* EXERCISE DESCRIPTION *
Set down the data below exactly; pictures stay out.

* DATASET EXTRACT *
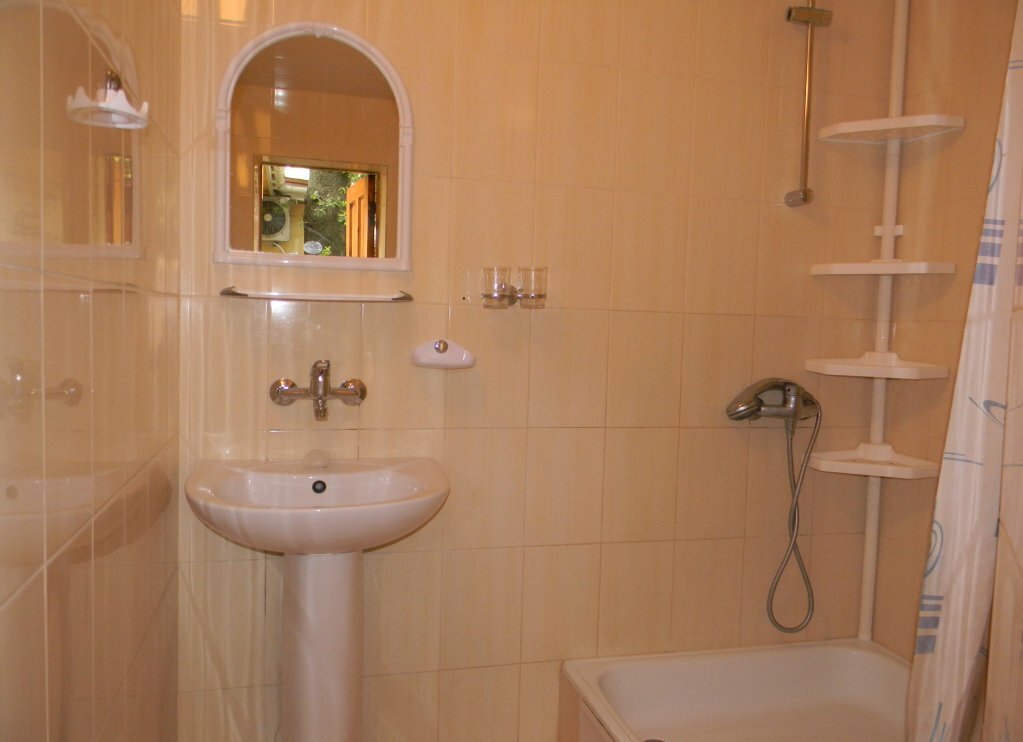 Гостевой дом Усадьба у графского парка Алупка-52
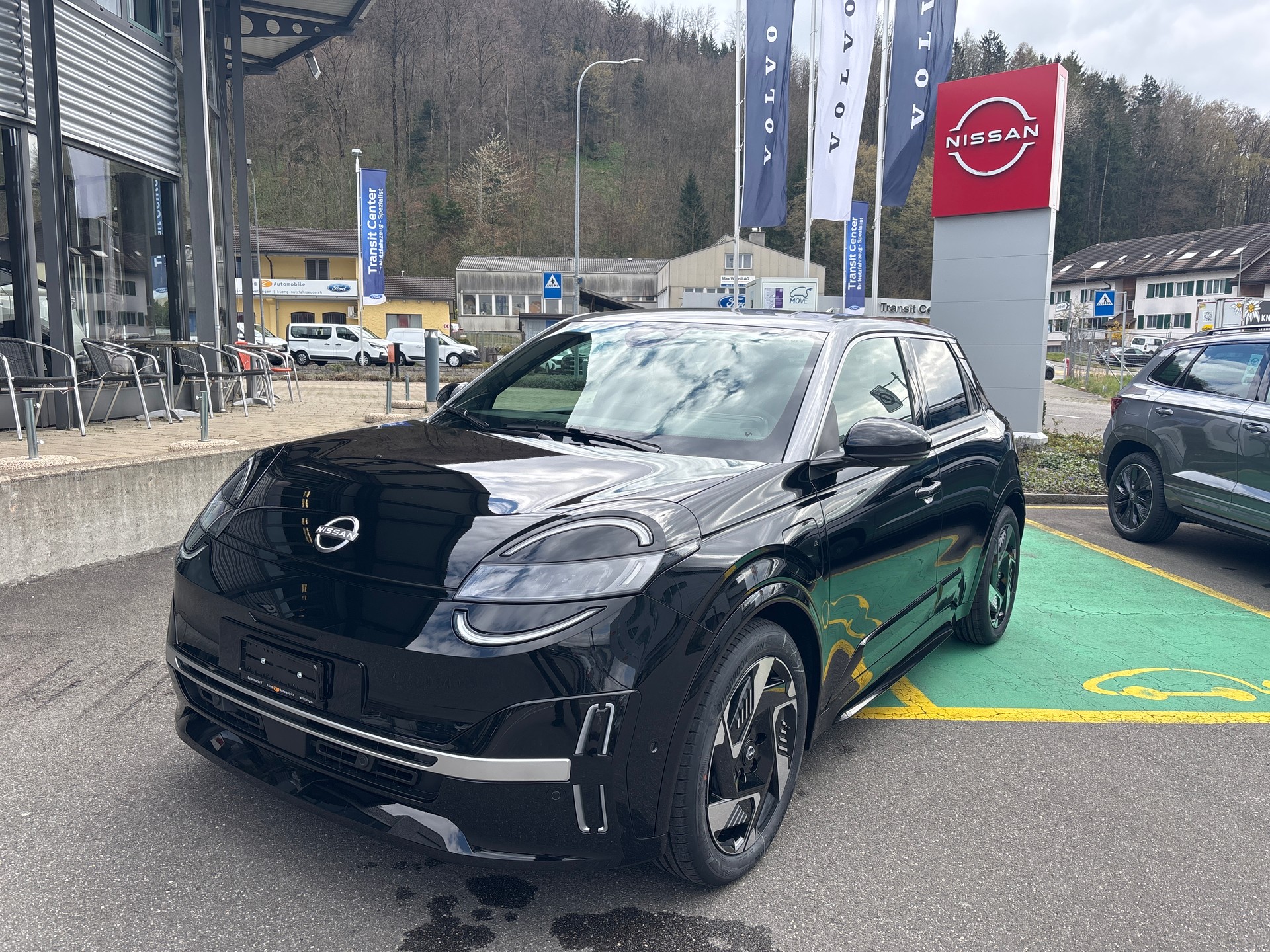 NISSAN Micra 52kWh Evolve-image-0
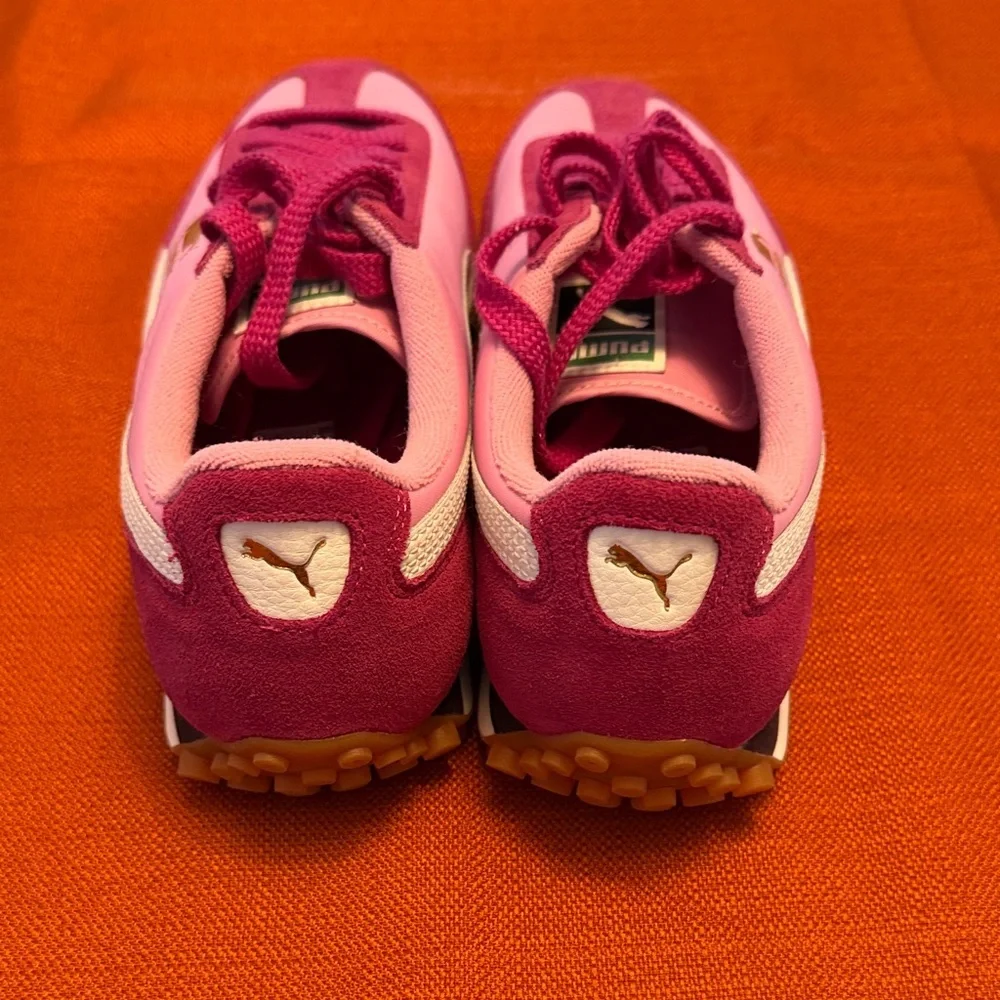 Puma Mauve & white junior size 6.5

* SOLVED PROBLEM *
 Гостевой дом Усадьба у графского парка Алупка-52
 NISSAN Micra 52kWh Evolve-image-0
 Puma Mauve & white junior size 6.5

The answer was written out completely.